Crawled caption data:

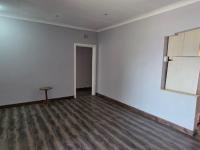  of property in Bluff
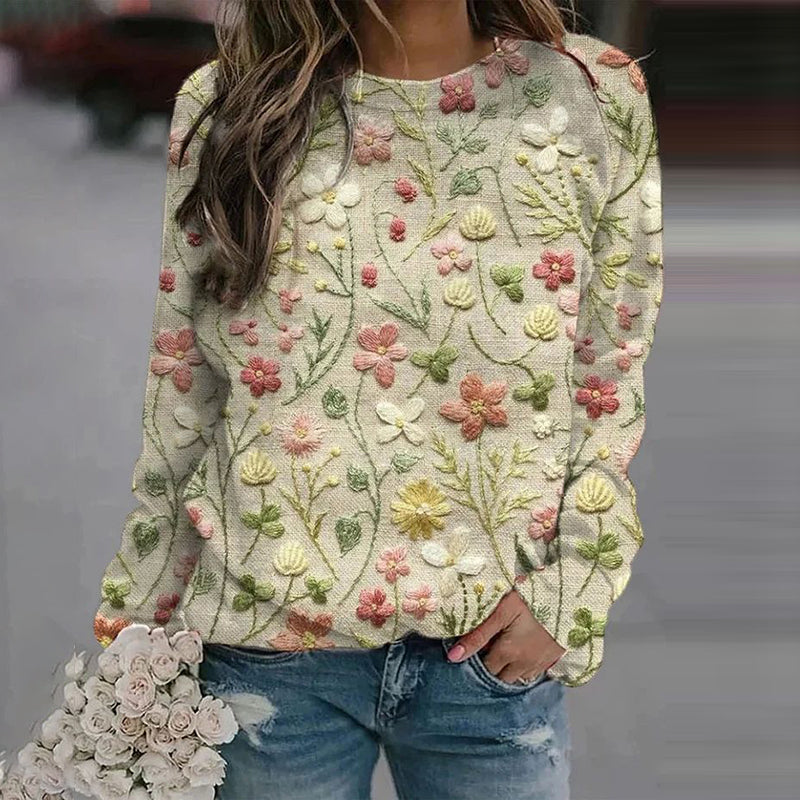 Soft Short-Sleeve Shirt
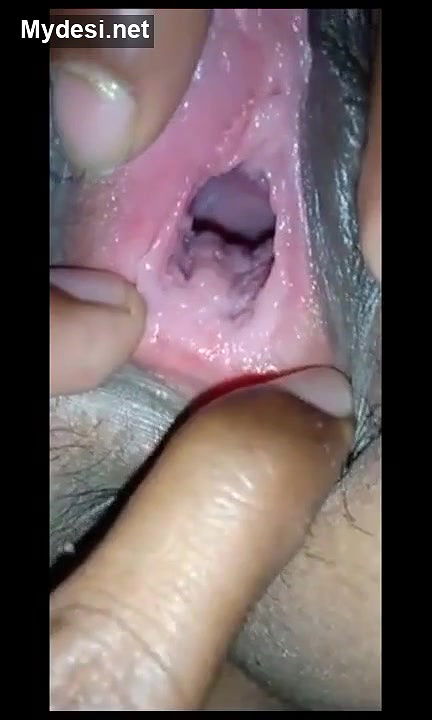 Friend sexy wife pussy whl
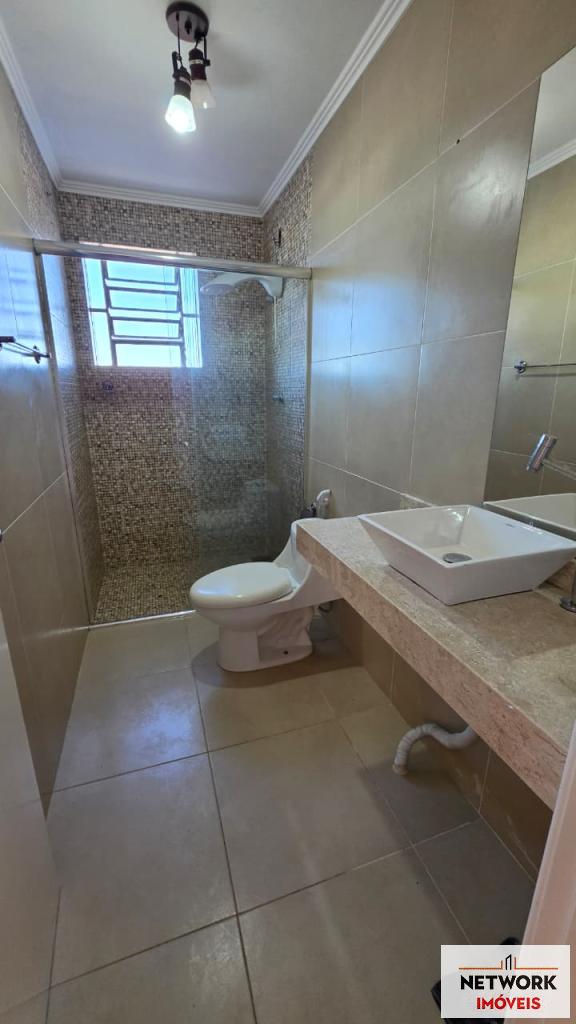 APARTAMENTO APT1250777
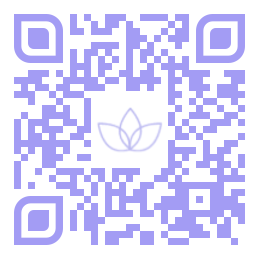 Live Simple QR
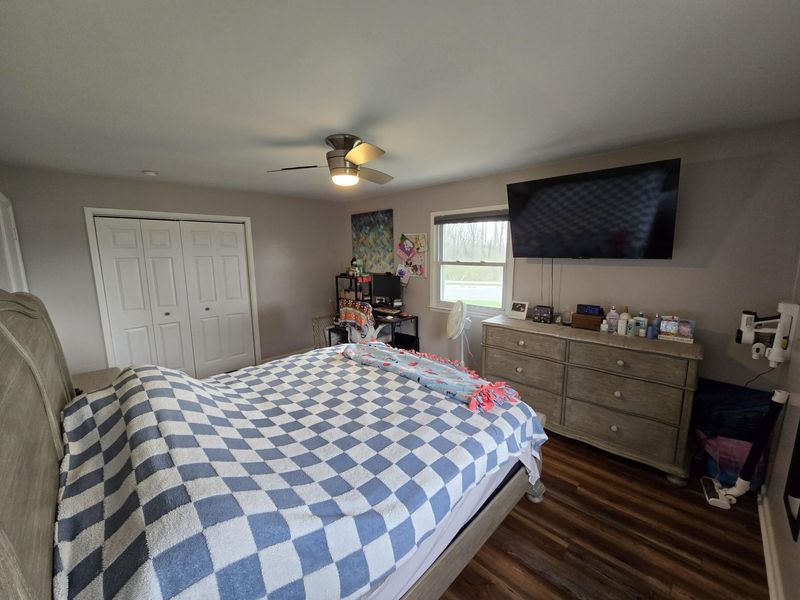 880 E Brown Avenue, Bellefontaine, OH 43311 Photo 15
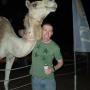 Michael Mccracken Photo 9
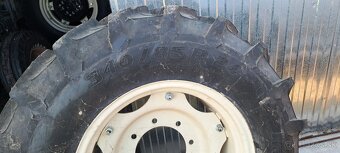 PIRELLI 340-24 - 5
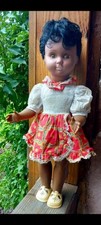 Poupee stella moule d'occasion  Villé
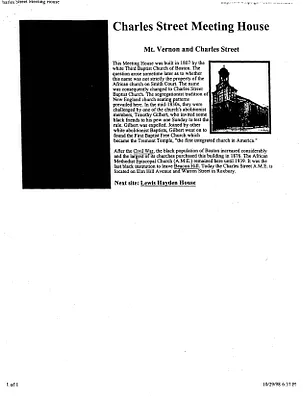 p. 20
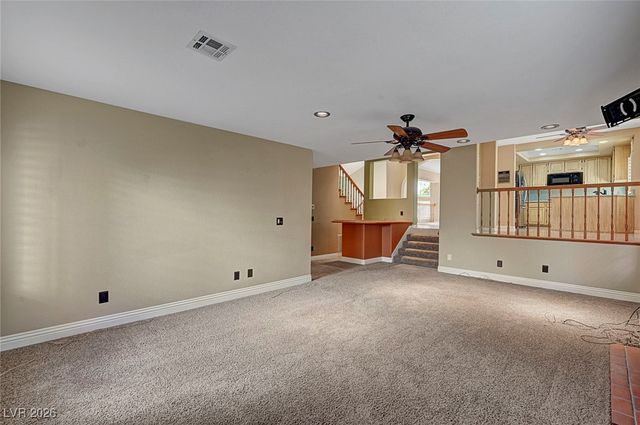 9433 Angelfish Drive, Las Vegas, NV 89117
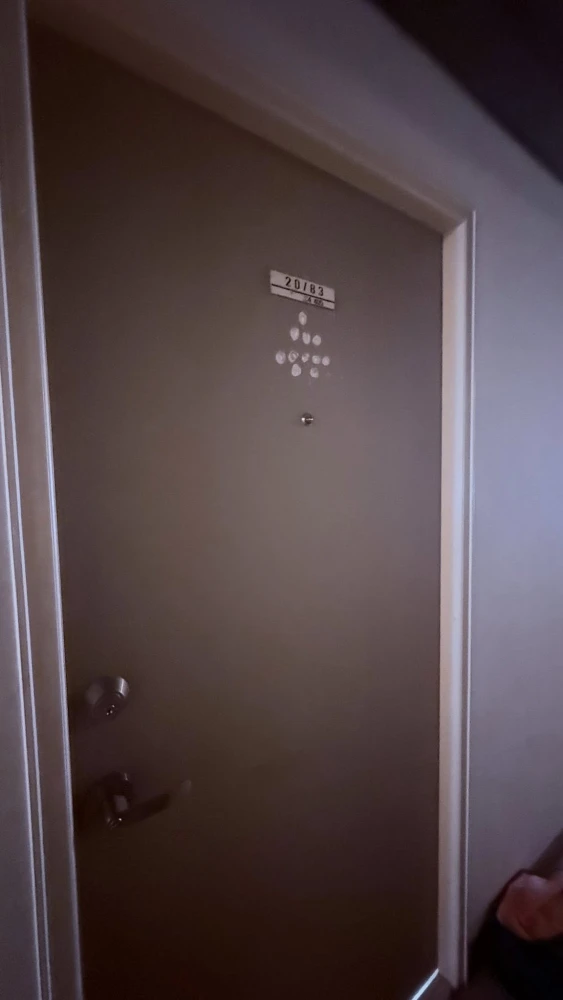 ขาย Lumpini Township Rangsit Klong 1 ห้องน่าอยู่ ชั้น 4 มาพร้อมสิ่งอำนวยความสะดวกครบครัน ดีแบบนี้ห้ามพลาด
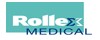 Rollex Medical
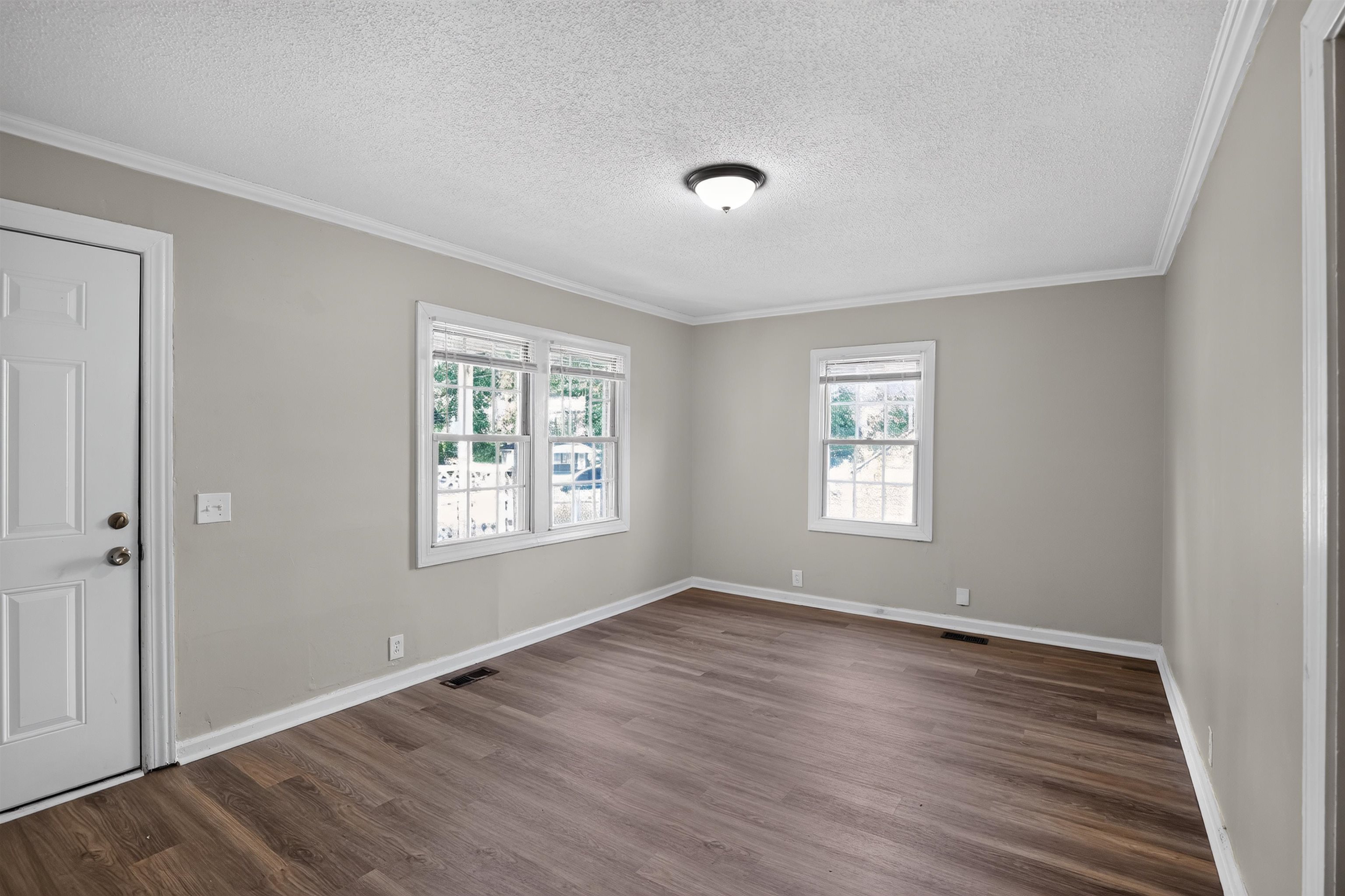 53 Templewood Drive Property Photo 4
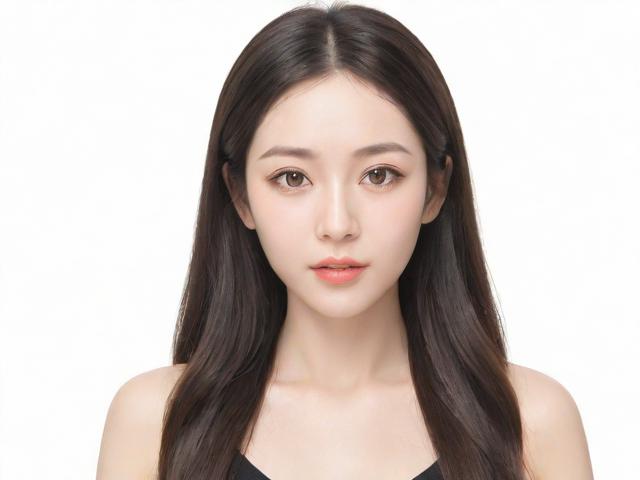专业解析，周口治疗狐臭哪里好？周口狐臭治疗医院选择指南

Aim of the exercise:
Omit the pictures. Transcribe every record exactly.

Output of the task:
  of property in Bluff
 Soft Short-Sleeve Shirt
 Friend sexy wife pussy whl
 APARTAMENTO APT1250777
 Live Simple QR
 880 E Brown Avenue, Bellefontaine, OH 43311 Photo 15
 Michael Mccracken Photo 9
 PIRELLI 340-24 - 5
 Poupee stella moule d'occasion  Villé
 p. 20
 9433 Angelfish Drive, Las Vegas, NV 89117
 ขาย Lumpini Township Rangsit Klong 1 ห้องน่าอยู่ ชั้น 4 มาพร้อมสิ่งอำนวยความสะดวกครบครัน ดีแบบนี้ห้ามพลาด
 Rollex Medical
 53 Templewood Drive Property Photo 4
专业解析，周口治疗狐臭哪里好？周口狐臭治疗医院选择指南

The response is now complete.